▶ _What needs to be done_:
Recreate the listing that follows line for line, without pictures.
━━ Records supplied ━━
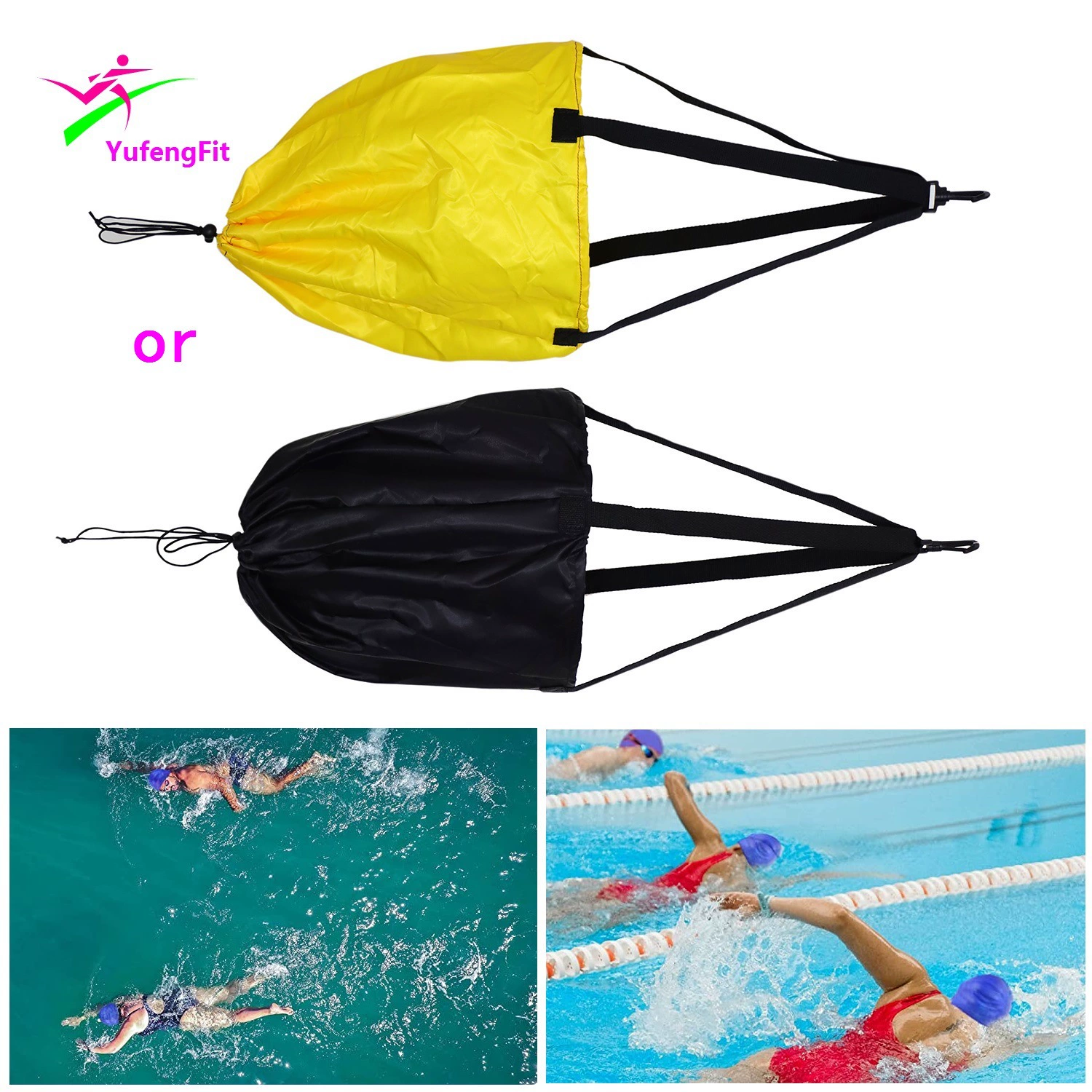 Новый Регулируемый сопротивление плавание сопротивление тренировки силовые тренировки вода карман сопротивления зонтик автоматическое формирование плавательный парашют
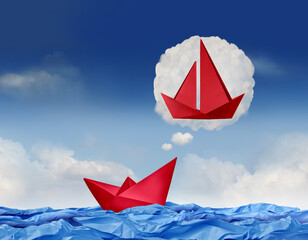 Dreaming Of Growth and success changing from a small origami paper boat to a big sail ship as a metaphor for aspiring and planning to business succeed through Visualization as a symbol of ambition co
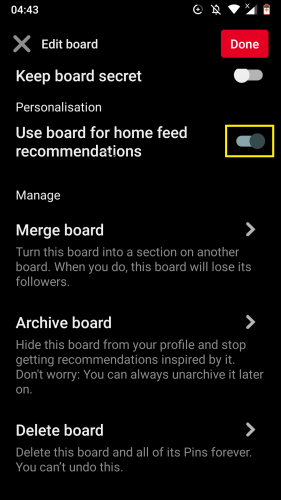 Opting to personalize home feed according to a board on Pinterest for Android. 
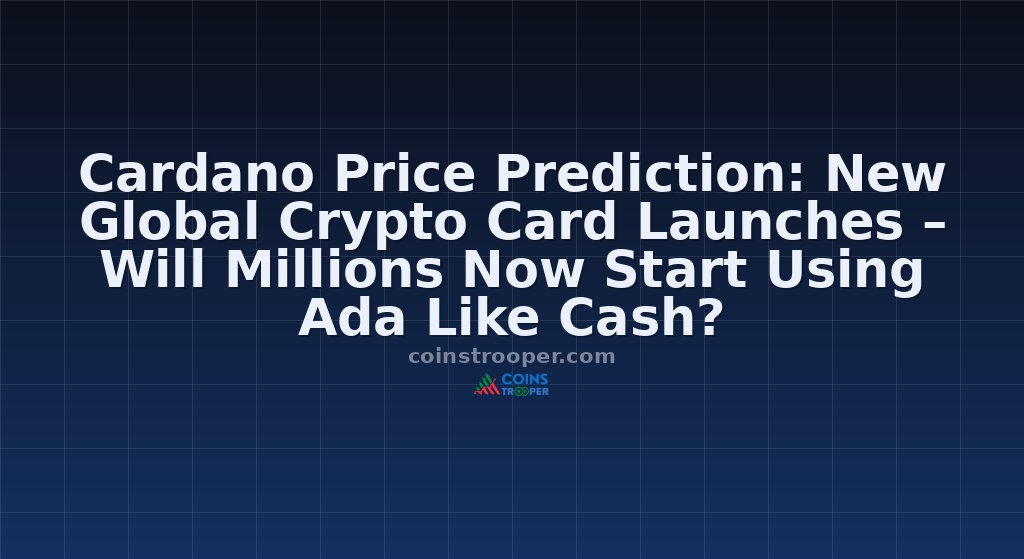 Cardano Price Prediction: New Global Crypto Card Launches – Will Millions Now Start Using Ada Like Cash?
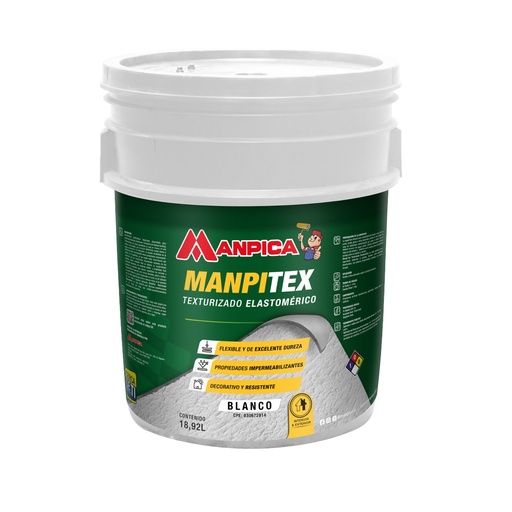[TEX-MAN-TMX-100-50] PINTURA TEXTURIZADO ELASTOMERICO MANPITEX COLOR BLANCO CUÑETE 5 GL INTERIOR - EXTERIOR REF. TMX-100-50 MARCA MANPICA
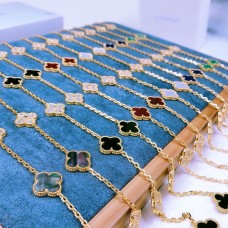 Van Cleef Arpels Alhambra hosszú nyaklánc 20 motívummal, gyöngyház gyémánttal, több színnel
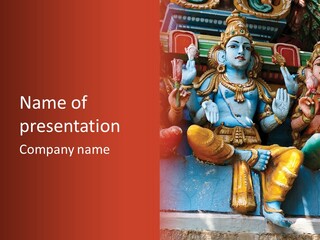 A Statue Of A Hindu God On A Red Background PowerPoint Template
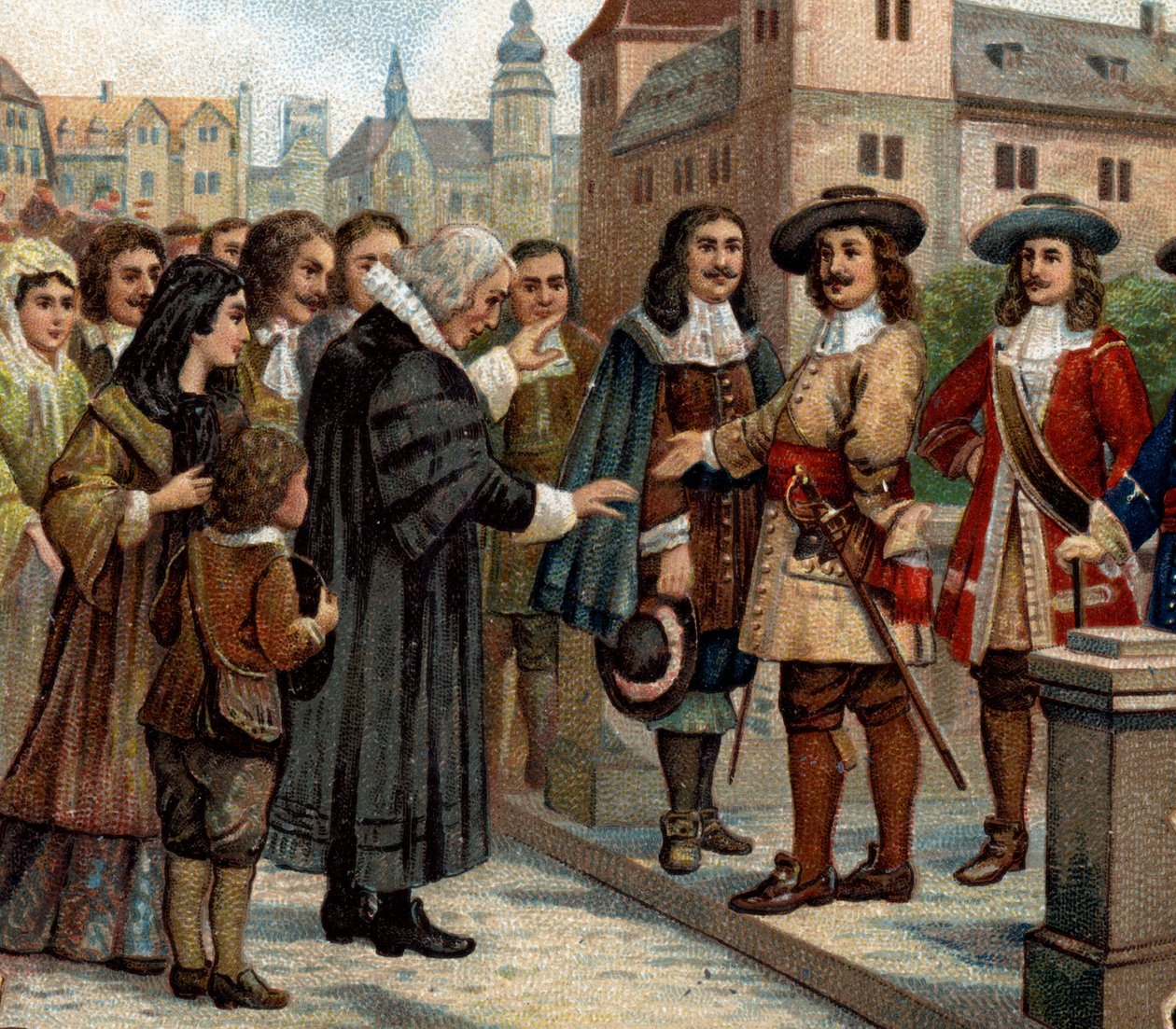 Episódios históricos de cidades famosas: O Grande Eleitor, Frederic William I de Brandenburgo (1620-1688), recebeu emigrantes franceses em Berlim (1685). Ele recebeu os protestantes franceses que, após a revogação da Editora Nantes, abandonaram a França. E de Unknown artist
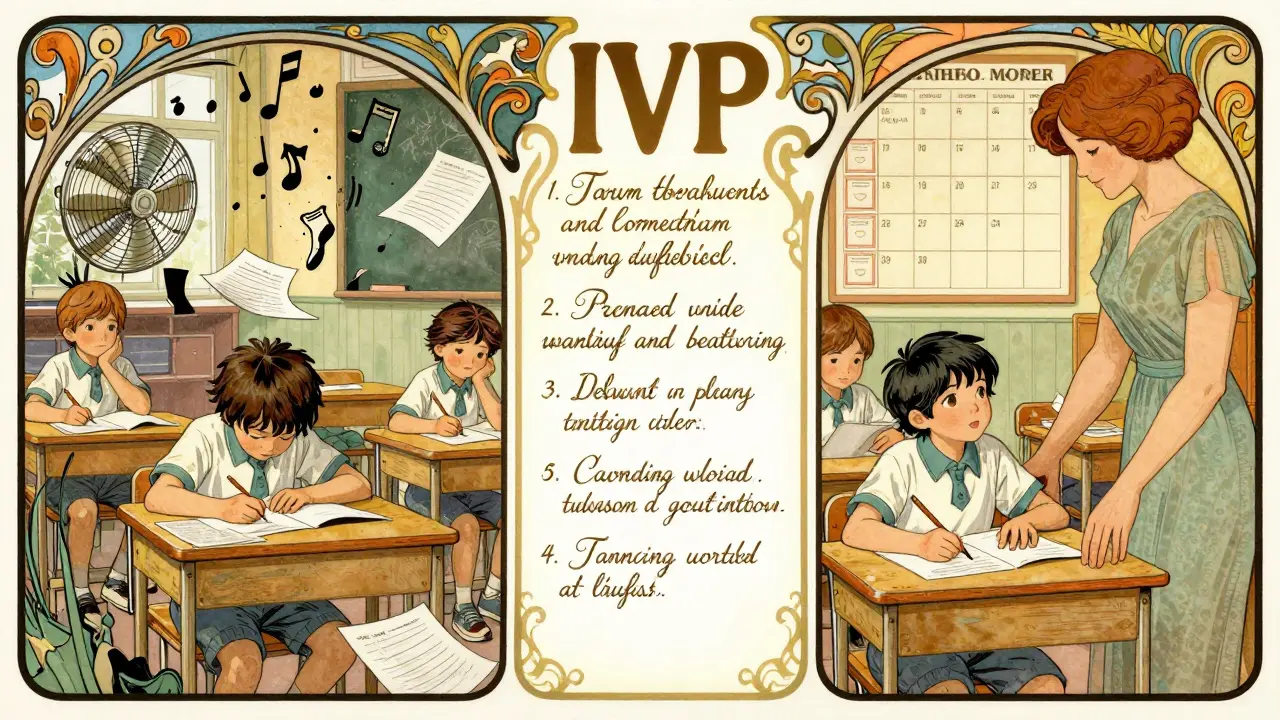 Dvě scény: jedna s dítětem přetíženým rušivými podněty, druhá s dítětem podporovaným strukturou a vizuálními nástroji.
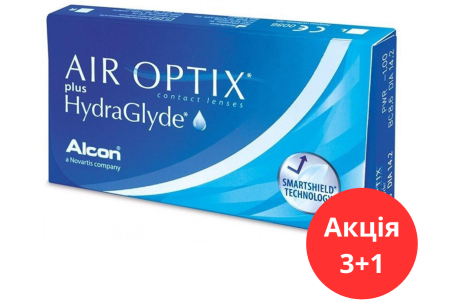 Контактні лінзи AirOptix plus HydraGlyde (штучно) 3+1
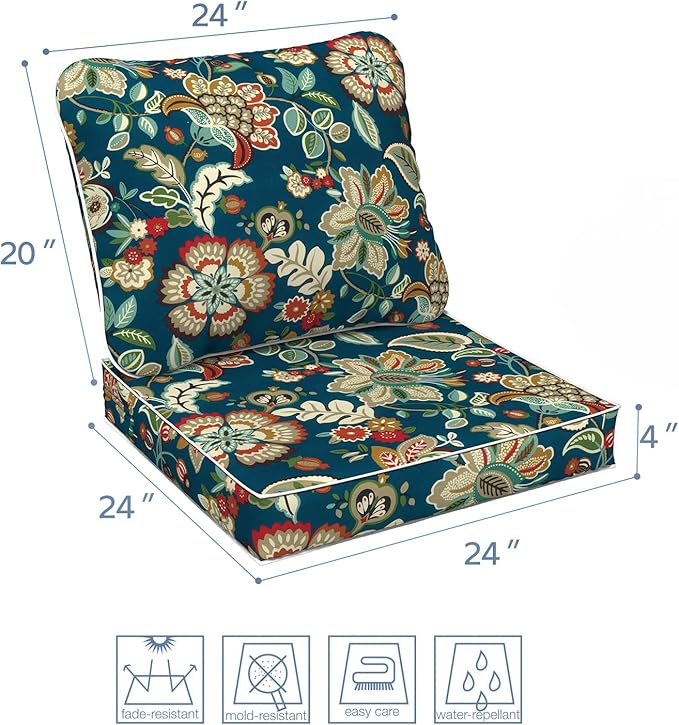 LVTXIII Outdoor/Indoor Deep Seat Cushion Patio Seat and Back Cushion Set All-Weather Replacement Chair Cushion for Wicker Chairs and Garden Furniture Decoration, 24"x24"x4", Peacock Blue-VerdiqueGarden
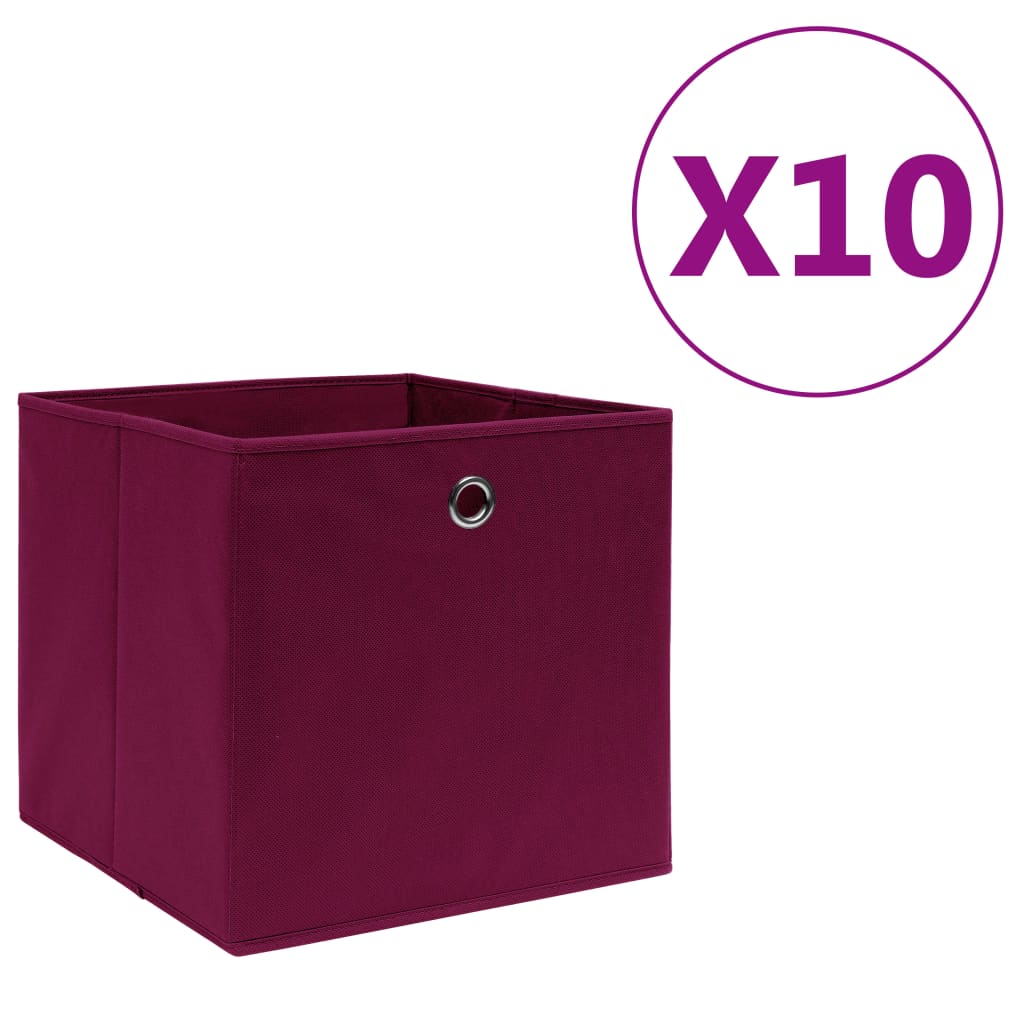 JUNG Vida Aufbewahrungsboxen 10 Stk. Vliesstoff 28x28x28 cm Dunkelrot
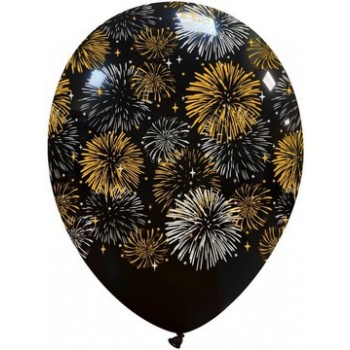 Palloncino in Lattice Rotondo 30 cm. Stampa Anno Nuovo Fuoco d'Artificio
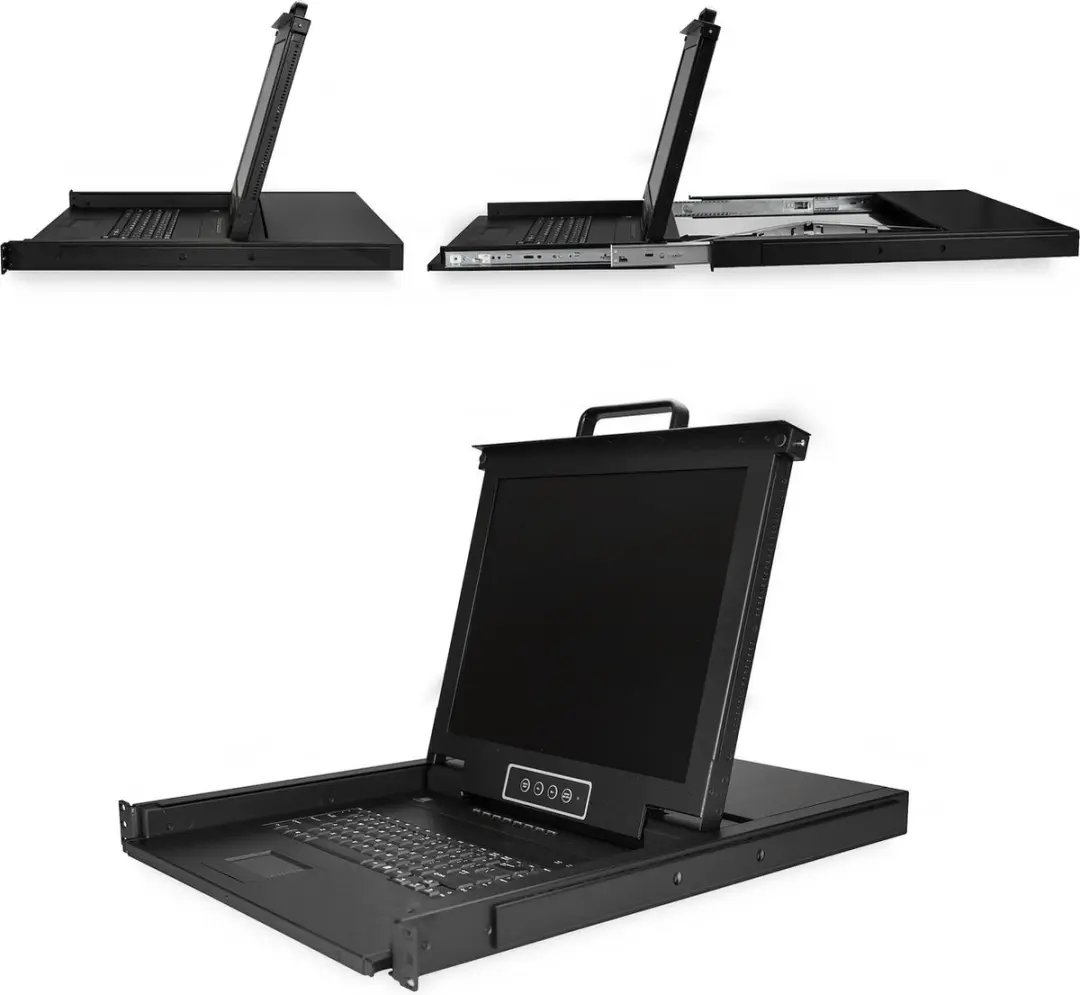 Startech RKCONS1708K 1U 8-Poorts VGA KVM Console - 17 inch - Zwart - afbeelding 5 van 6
━━━
▶ _Expected answer_:
 Новый Регулируемый сопротивление плавание сопротивление тренировки силовые тренировки вода карман сопротивления зонтик автоматическое формирование плавательный парашют
 Dreaming Of Growth and success changing from a small origami paper boat to a big sail ship as a metaphor for aspiring and planning to business succeed through Visualization as a symbol of ambition co
 Opting to personalize home feed according to a board on Pinterest for Android. 
 Cardano Price Prediction: New Global Crypto Card Launches – Will Millions Now Start Using Ada Like Cash?
[TEX-MAN-TMX-100-50] PINTURA TEXTURIZADO ELASTOMERICO MANPITEX COLOR BLANCO CUÑETE 5 GL INTERIOR - EXTERIOR REF. TMX-100-50 MARCA MANPICA
 Van Cleef Arpels Alhambra hosszú nyaklánc 20 motívummal, gyöngyház gyémánttal, több színnel
 A Statue Of A Hindu God On A Red Background PowerPoint Template
 Episódios históricos de cidades famosas: O Grande Eleitor, Frederic William I de Brandenburgo (1620-1688), recebeu emigrantes franceses em Berlim (1685). Ele recebeu os protestantes franceses que, após a revogação da Editora Nantes, abandonaram a França. E de Unknown artist
 Dvě scény: jedna s dítětem přetíženým rušivými podněty, druhá s dítětem podporovaným strukturou a vizuálními nástroji.
 Контактні лінзи AirOptix plus HydraGlyde (штучно) 3+1
 LVTXIII Outdoor/Indoor Deep Seat Cushion Patio Seat and Back Cushion Set All-Weather Replacement Chair Cushion for Wicker Chairs and Garden Furniture Decoration, 24"x24"x4", Peacock Blue-VerdiqueGarden
 JUNG Vida Aufbewahrungsboxen 10 Stk. Vliesstoff 28x28x28 cm Dunkelrot
 Palloncino in Lattice Rotondo 30 cm. Stampa Anno Nuovo Fuoco d'Artificio
 Startech RKCONS1708K 1U 8-Poorts VGA KVM Console - 17 inch - Zwart - afbeelding 5 van 6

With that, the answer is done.